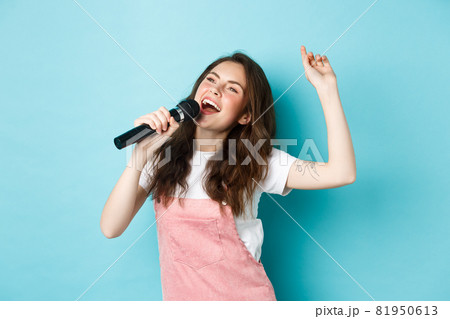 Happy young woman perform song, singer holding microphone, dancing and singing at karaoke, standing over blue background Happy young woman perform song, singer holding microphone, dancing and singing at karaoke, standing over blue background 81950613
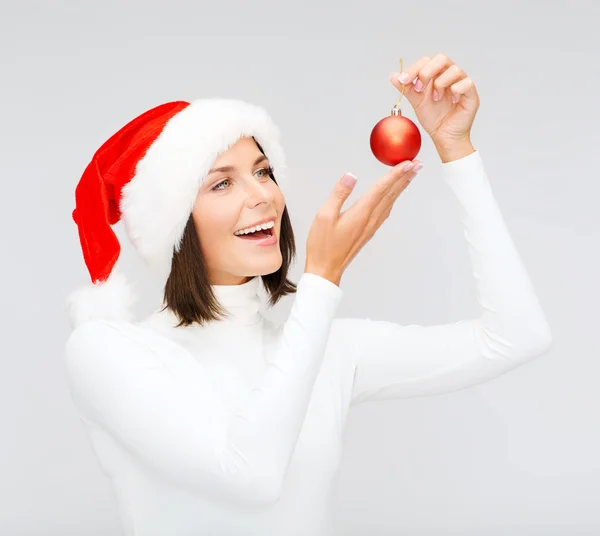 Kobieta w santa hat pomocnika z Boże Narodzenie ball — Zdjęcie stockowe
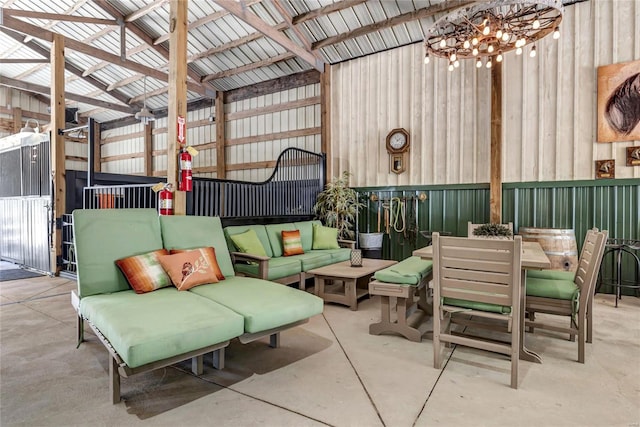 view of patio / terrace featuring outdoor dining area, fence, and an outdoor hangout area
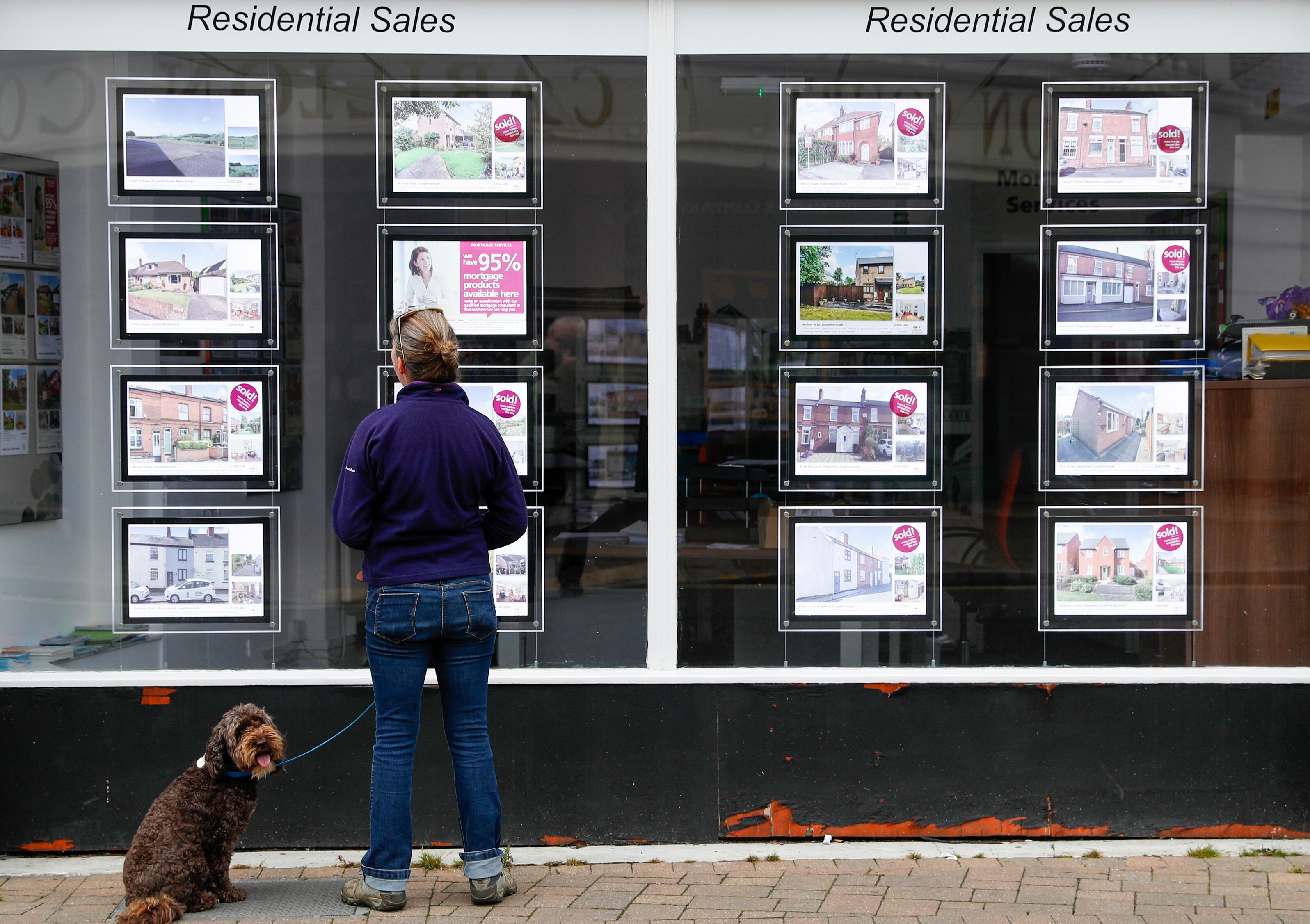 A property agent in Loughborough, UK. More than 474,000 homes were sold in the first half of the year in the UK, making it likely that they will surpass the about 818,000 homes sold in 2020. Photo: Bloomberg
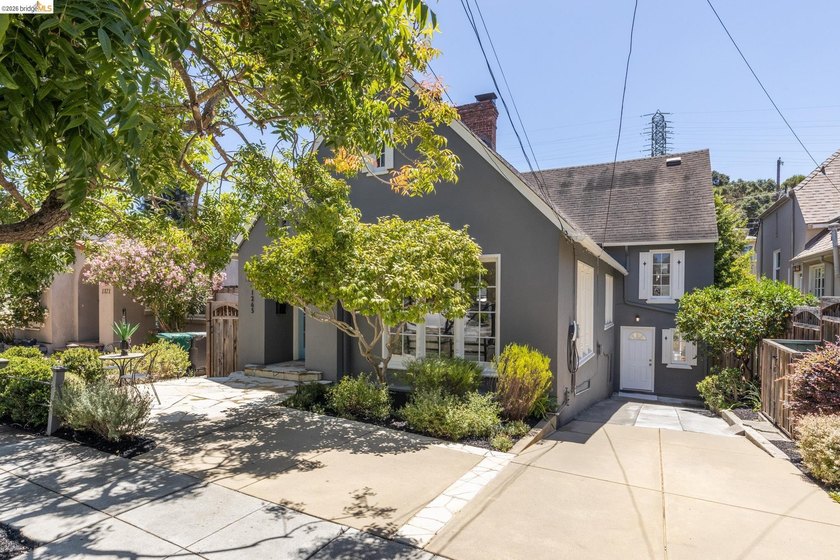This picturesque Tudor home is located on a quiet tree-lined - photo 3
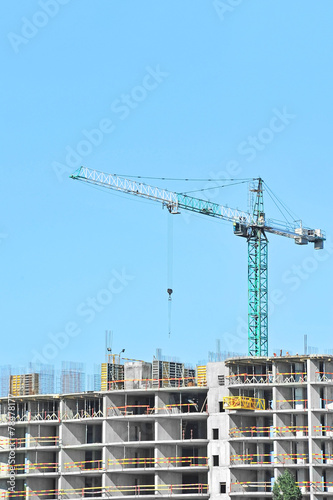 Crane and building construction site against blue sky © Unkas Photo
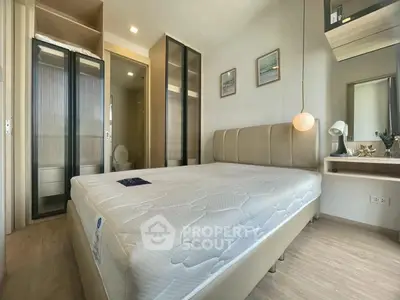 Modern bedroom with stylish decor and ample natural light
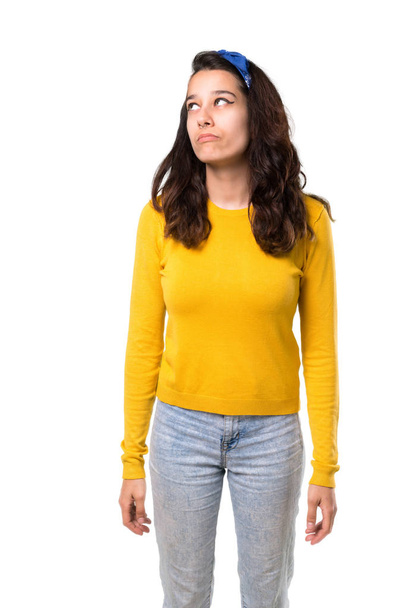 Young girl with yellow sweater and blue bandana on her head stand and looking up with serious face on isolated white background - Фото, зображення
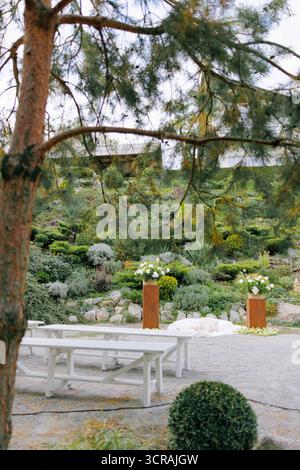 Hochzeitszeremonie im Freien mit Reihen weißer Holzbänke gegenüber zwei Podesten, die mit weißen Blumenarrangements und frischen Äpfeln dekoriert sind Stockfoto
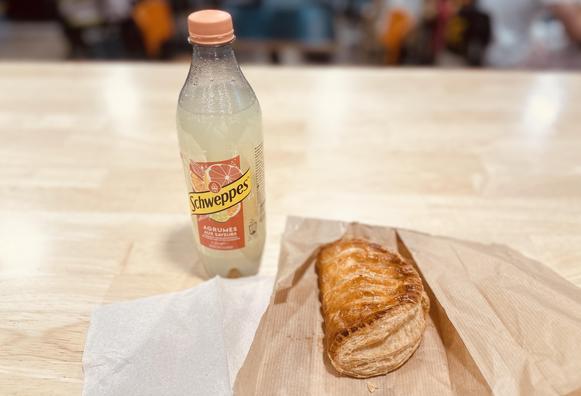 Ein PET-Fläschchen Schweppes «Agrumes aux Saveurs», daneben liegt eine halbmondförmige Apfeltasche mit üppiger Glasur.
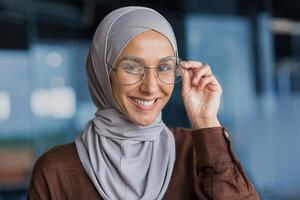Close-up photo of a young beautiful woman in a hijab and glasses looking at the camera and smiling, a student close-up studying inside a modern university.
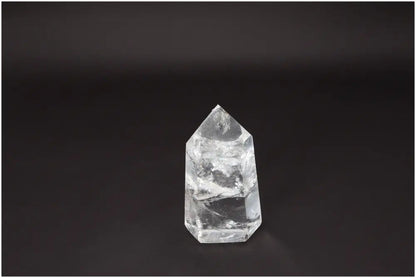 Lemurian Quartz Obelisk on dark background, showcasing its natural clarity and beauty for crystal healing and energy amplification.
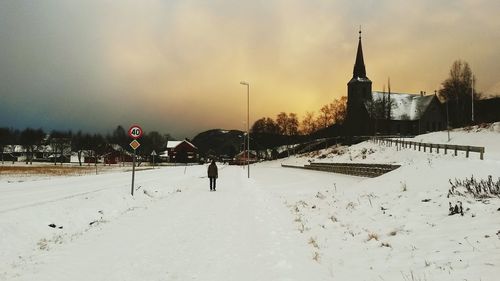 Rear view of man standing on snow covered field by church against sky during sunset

---

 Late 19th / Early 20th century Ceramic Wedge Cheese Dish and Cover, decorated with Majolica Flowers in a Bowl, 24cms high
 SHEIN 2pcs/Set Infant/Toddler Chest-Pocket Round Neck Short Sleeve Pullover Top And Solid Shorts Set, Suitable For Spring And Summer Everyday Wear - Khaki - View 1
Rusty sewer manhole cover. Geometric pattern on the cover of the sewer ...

...

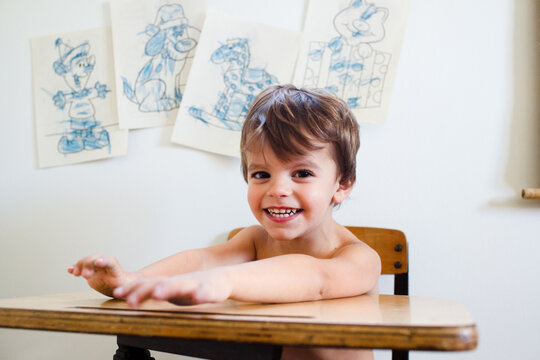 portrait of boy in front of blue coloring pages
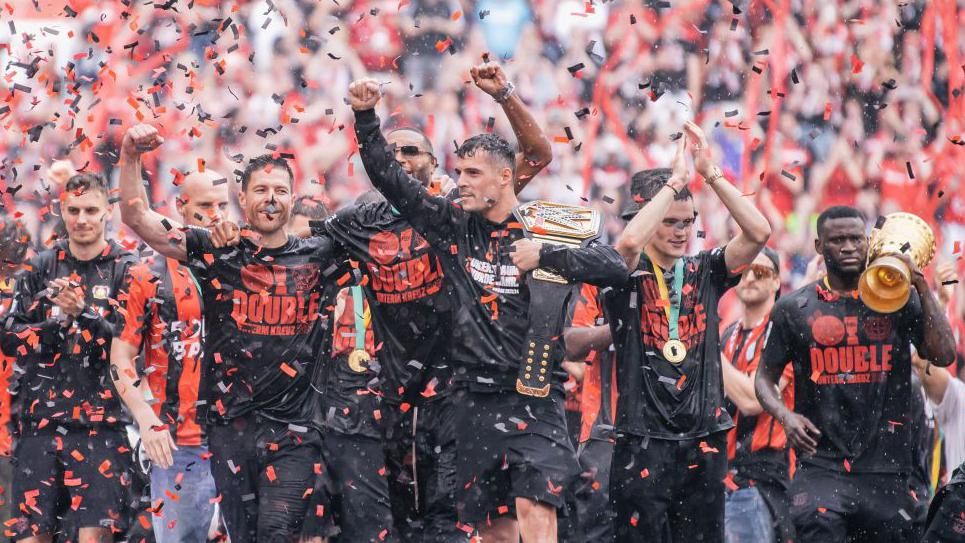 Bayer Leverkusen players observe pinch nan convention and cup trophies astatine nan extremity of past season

Work task -> Starting with the line that contains "Ein PET-Fläschchen Schweppes" and finishing with the line that contains "Close-up photo of", reproduce every line of the material above exactly, but not the pictures.

Exercise output ->
 Ein PET-Fläschchen Schweppes «Agrumes aux Saveurs», daneben liegt eine halbmondförmige Apfeltasche mit üppiger Glasur.
Close-up photo of a young beautiful woman in a hijab and glasses looking at the camera and smiling, a student close-up studying inside a modern university.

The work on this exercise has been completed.